Today, they are in midlife —a period that, according to the U-shaped curve of happiness, is one of the most emotionally and psychologically difficult stages: deteriorating health, professional stagnation, and the dual burden of caring for both parents and children. But their condition is not just a matter of age —it’s the product of a unique convergence of economic and political failure.
Structurally, Generation X reached its crucial phase of financial consolidation during the global economic crisis of 2008 —a moment that froze wage growth and severely limited access to housing, investment opportunities, and savings. In parallel, they faced increasing labor precarization: unstable contracts, outsourcing, erosion of social protections, and the dismantling of job security. Compared to other generations, their economic mobility was minimal. Even in terms of wealth accumulation and home ownership, many Gen Xers show weaker indicators than early-born millennials at the same life stage.
At the same time, many countries —especially in Latin America and parts of Europe— turned toward alternative models to free-market systems: socialist proposals that promised redistribution, justice, and equality. But in practice, these models led to state dependency, excessive intervention, economic rigidity, and a loss of productive dynamism. The outcome was devastating: rising poverty, institutional decay, inflation, plummeting investment, growing corruption, and a widespread collapse of trust.
For a generation raised on values of effort, autonomy, and social mobility, this ideological shift brought a double betrayal —first from liberalism, which failed to deliver on its promises, and then from socialism, which entrenched poverty, dependency, and dysfunction.
And yet, while younger generations increasingly embrace state-centric proposals like universal basic income, subsidies, or nationalizations as progressive solutions, many in Gen X see these not as innovation, but as déjà vu —a recycling of failed models they’ve already lived and paid for.
It’s at this point that Bitcoin emerges as more than just a financial technology. For many Gen Xers, Bitcoin is both a symbolic and concrete response — a refuge from a system that betrayed them. It’s not just about investment. It’s about individual sovereignty. They call it “fuck you money” because it represents a total break from traditional structures: it doesn’t depend on banks, governments, political parties, or promises that never materialize.

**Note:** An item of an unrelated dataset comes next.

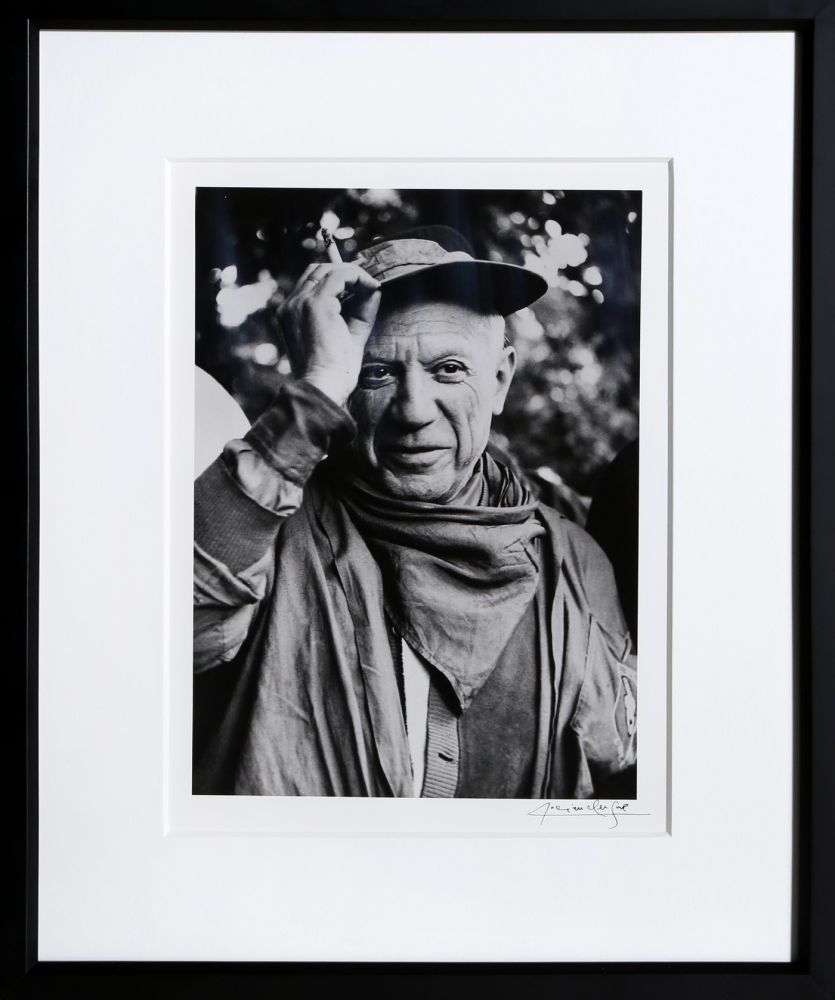 Fotografía Clergue - Picasso a la Feria, revetu des habits de la Pena de Logrono - Nimes, 1959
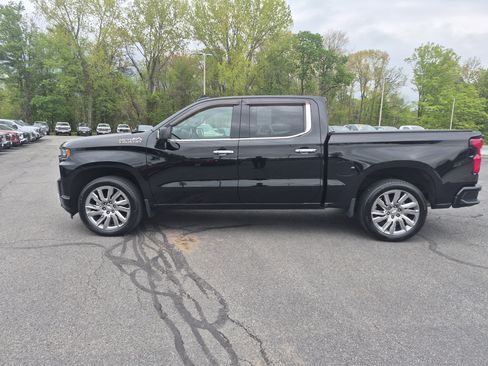 Used 2019 Chevrolet Silverado 1500 High Country w/ High Country Premium Package AWD/4WD image 2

Bitcoin is money without permission, without censorship, without planned devaluation. It’s a tool for radical autonomy. For a generation marked by skepticism, self-reliance, and disillusionment, it stands as a quiet but powerful form of resistance — a way of saying: “I don’t depend on you. I don’t believe you. I don’t need you.”
Today, while others debate new statist models or more market reforms, many Gen Xers are simply opting out. Bitcoin isn’t just an economic choice — it’s a stance. A way to reclaim the individual control the system once denied them.